#### What the task requires:
From the records below, output exactly the lines starting at the line with "Now reapply the" and ending at the line with "Another haul dog", both of them included, but no pictures.

#### Extracted entries:
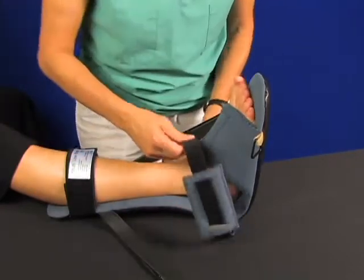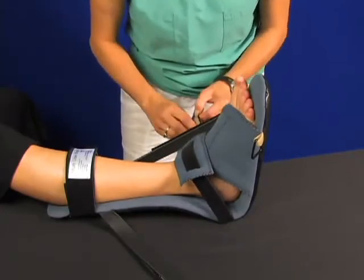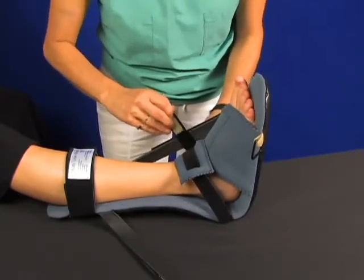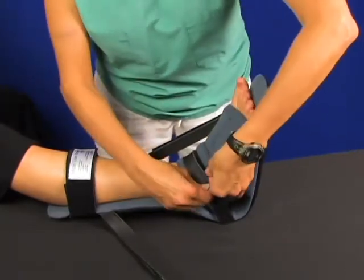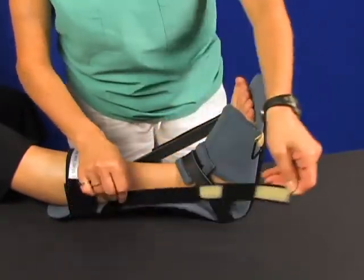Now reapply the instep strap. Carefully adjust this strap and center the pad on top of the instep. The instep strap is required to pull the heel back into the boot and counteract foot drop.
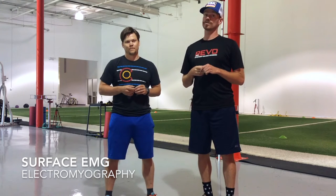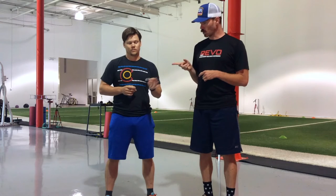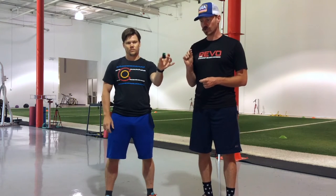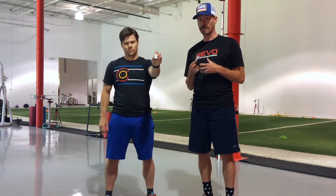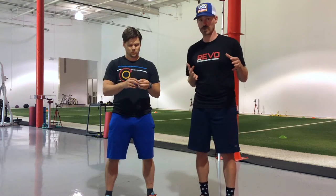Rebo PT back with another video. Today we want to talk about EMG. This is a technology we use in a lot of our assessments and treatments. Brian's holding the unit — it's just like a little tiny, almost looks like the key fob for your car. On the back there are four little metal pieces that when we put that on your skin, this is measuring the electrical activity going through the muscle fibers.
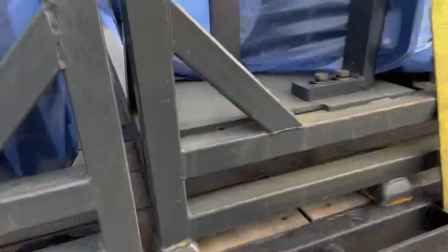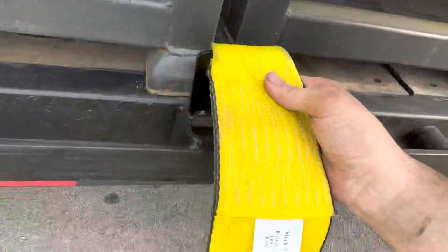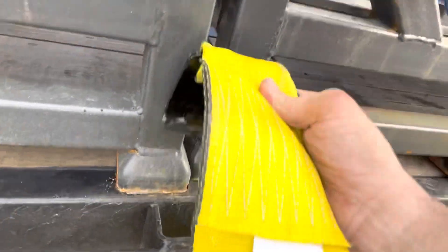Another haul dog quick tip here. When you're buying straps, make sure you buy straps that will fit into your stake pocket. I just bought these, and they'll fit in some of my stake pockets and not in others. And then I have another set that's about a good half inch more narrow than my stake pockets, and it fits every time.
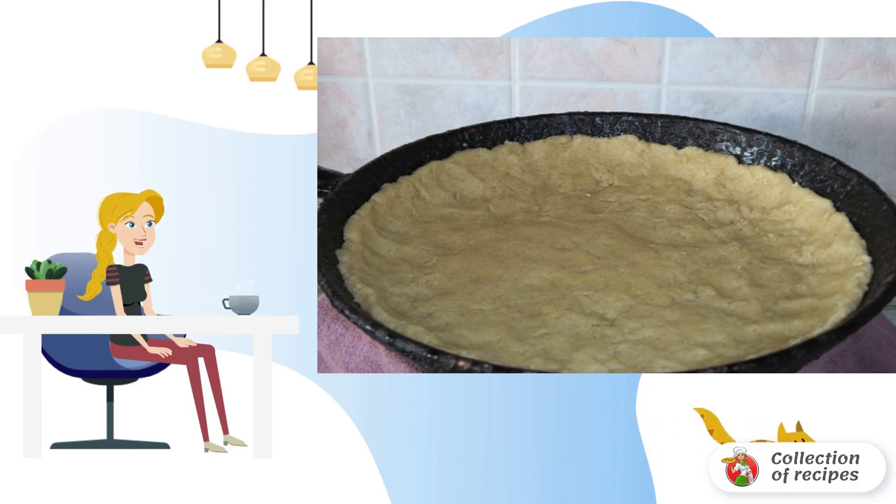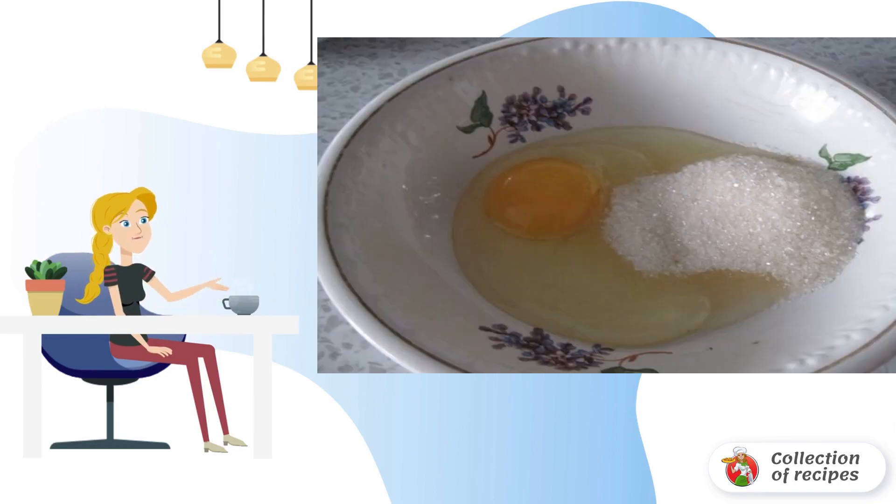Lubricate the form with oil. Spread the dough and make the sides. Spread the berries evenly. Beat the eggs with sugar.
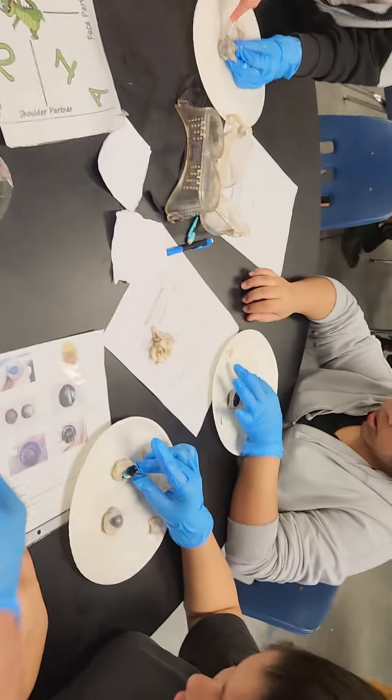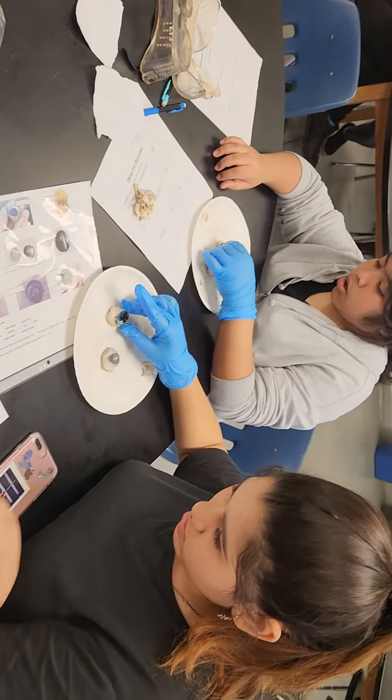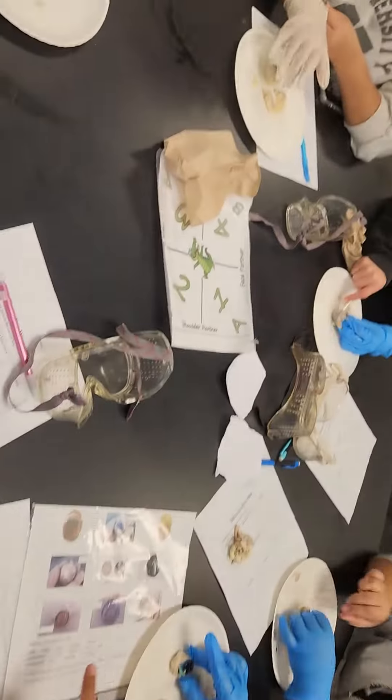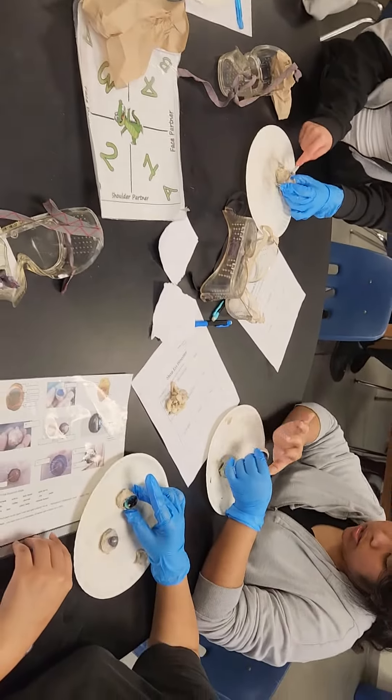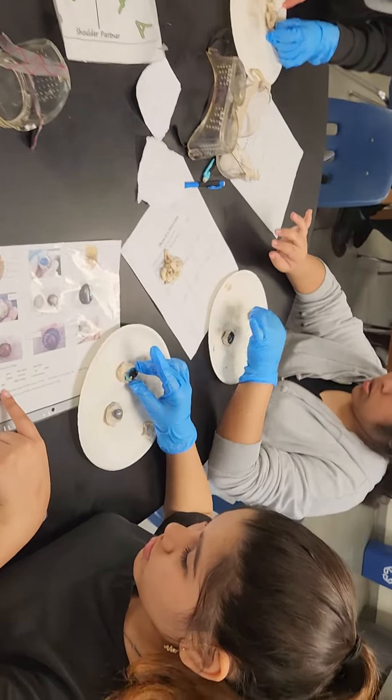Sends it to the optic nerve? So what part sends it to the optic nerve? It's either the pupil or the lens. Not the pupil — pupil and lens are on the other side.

---

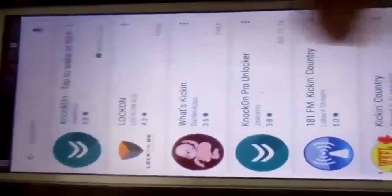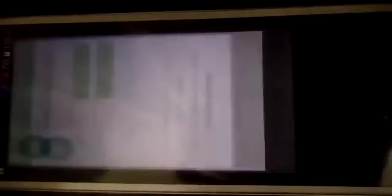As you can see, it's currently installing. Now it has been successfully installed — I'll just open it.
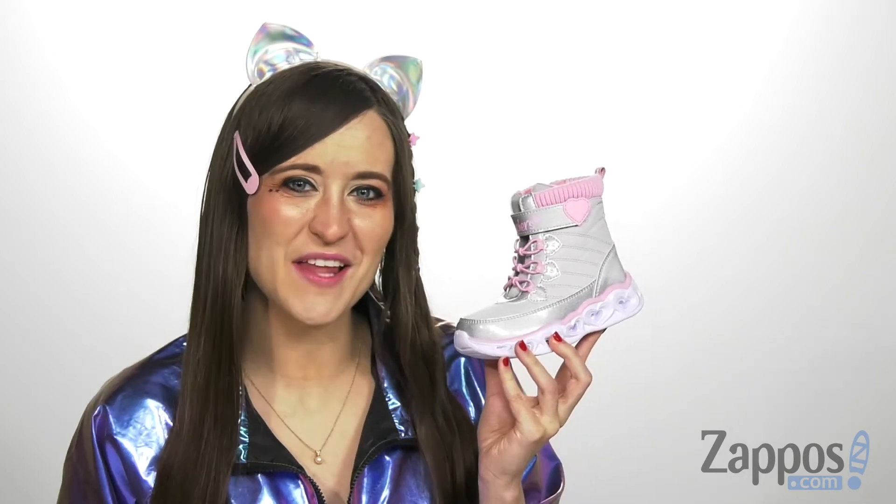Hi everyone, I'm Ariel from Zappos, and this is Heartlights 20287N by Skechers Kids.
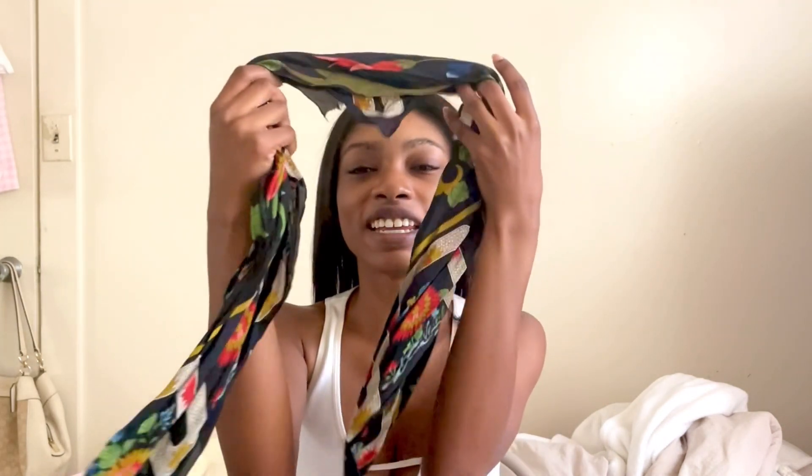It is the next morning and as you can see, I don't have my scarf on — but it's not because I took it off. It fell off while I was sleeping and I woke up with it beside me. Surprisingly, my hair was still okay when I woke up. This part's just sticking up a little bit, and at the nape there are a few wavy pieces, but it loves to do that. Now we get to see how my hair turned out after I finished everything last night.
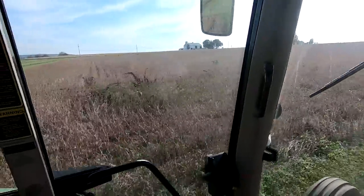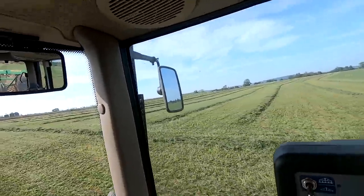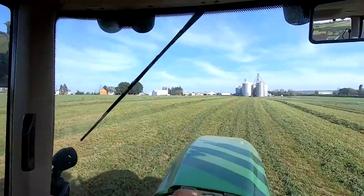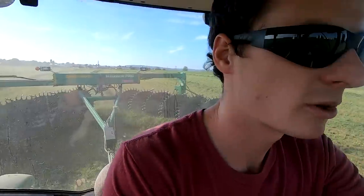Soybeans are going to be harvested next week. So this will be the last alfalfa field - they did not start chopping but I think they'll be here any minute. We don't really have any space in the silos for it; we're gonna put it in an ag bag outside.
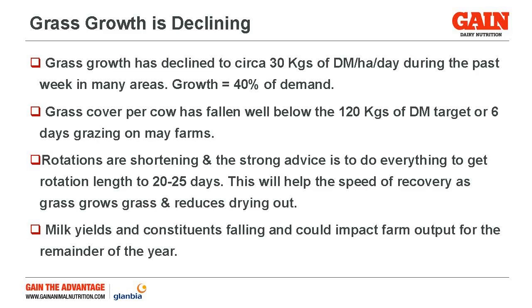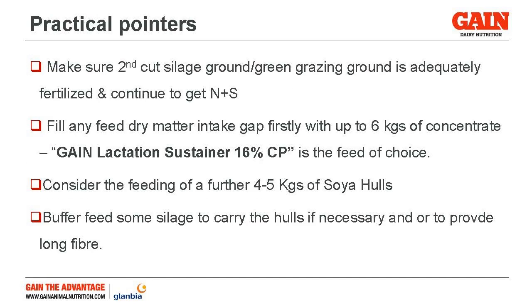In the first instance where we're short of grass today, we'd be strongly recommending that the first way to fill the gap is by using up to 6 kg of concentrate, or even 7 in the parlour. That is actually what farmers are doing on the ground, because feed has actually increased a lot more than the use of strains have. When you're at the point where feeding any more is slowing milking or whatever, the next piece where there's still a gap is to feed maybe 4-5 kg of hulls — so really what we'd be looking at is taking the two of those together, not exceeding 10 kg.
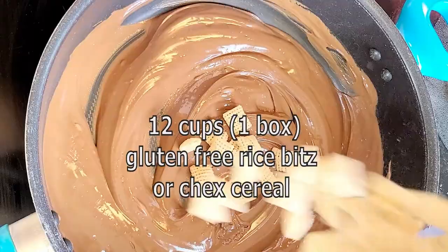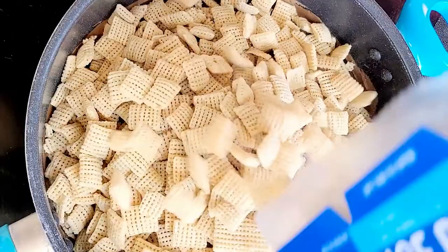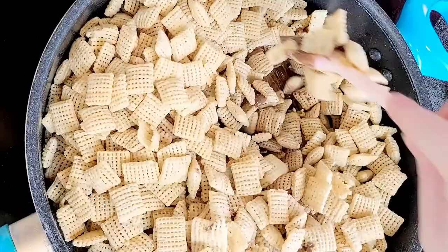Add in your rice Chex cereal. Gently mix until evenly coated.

#### Written solution:
Now reapply the instep strap. Carefully adjust this strap and center the pad on top of the instep. The instep strap is required to pull the heel back into the boot and counteract foot drop.
Rebo PT back with another video. Today we want to talk about EMG. This is a technology we use in a lot of our assessments and treatments. Brian's holding the unit — it's just like a little tiny, almost looks like the key fob for your car. On the back there are four little metal pieces that when we put that on your skin, this is measuring the electrical activity going through the muscle fibers.
Another haul dog quick tip here. When you're buying straps, make sure you buy straps that will fit into your stake pocket. I just bought these, and they'll fit in some of my stake pockets and not in others. And then I have another set that's about a good half inch more narrow than my stake pockets, and it fits every time.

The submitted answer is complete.